Task details = The full listing must be reproduced exactly as given.

Source material =
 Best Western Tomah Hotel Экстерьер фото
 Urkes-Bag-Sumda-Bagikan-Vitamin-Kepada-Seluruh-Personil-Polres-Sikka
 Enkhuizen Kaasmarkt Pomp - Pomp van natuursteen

The completed task =
 Best Western Tomah Hotel Экстерьер фото
 Urkes-Bag-Sumda-Bagikan-Vitamin-Kepada-Seluruh-Personil-Polres-Sikka
 Enkhuizen Kaasmarkt Pomp - Pomp van natuursteen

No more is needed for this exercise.